This is a library for estimating decoding probabilities from a query nucleotide sequence based on a set of reference amino acid kmers.
The library is written in C and is meant to be used via the provided Python wrapper. The full list of functions and their descriptions can be found in kaci.h
The library can be built on Linux (or WSL).
- Install the dependencies for the library:
sudo apt update
sudo apt install build-essential
sudo apt install zlib1g-dev
- Clone this repo.
git clone https://github.com/artmeln/lib-kaci.git
- Install python dependencies (these are used only by the tests and examples, not by the library itself):
pip install -r requirements.txt
- Build the library:
cd src
make libkaci
cd ..
The best way to start is to run the provided examples (both examples will take a few seconds to execute). First build a reference:
cd examples
python3 build_reference.py
To process queries run:
mkdir results
wget -P genomes/ https://ftp.ncbi.nlm.nih.gov/genomes/all/GCF/000/146/045/GCF_000146045.2_R64/GCF_000146045.2_R64_genomic.fna.gz
python3 process_query.py
This will produce typical KACI output files for the downloaded genome in results directory.
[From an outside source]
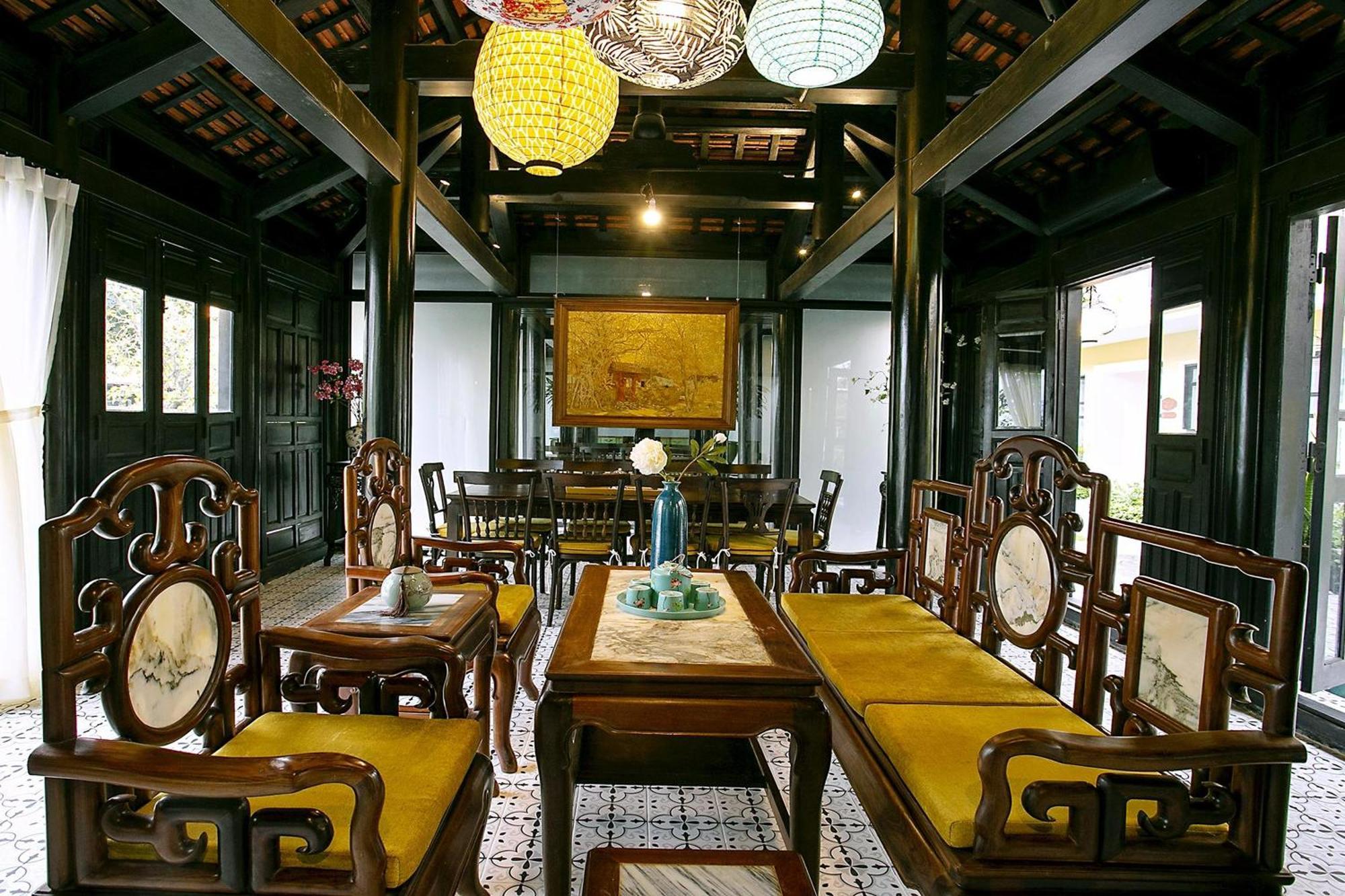 Town 4* Hoi An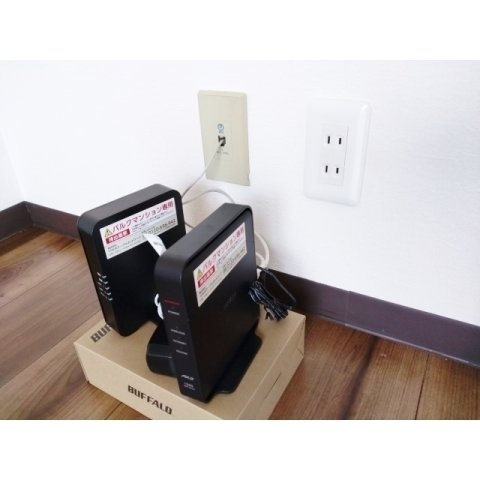 野知マンション　Ｂのその他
You should look at these examples to familarize yourself with the inputs that control KACI.
The following inputs should be given to the library:
-
amino acid kmer length
-
translation table - a string of single letter amino acid decodings for the 64 possible codons. The order of decodings in the table is based on the ascending ordering of codons where T<C<A<G. The translation table for the standard genetic code is
FFLLSSSSYY**CC*WLLLLPPPPHHQQRRRRIIIMTTTTNNKKSSRRVVVVAAAADDEEGGGG -
maximum query count - how many times an amino acid kmer that is found repeatedly in the query and matches a reference kmer will be used in estimating decoding probabilities
-
the name of the file containing query nucleotide sequences in fasta format (*.fna or *.fna.gz) OR a list of such file names when working in the batch mode
-
the name of the file containing the reference kmers (the format of this file is described below)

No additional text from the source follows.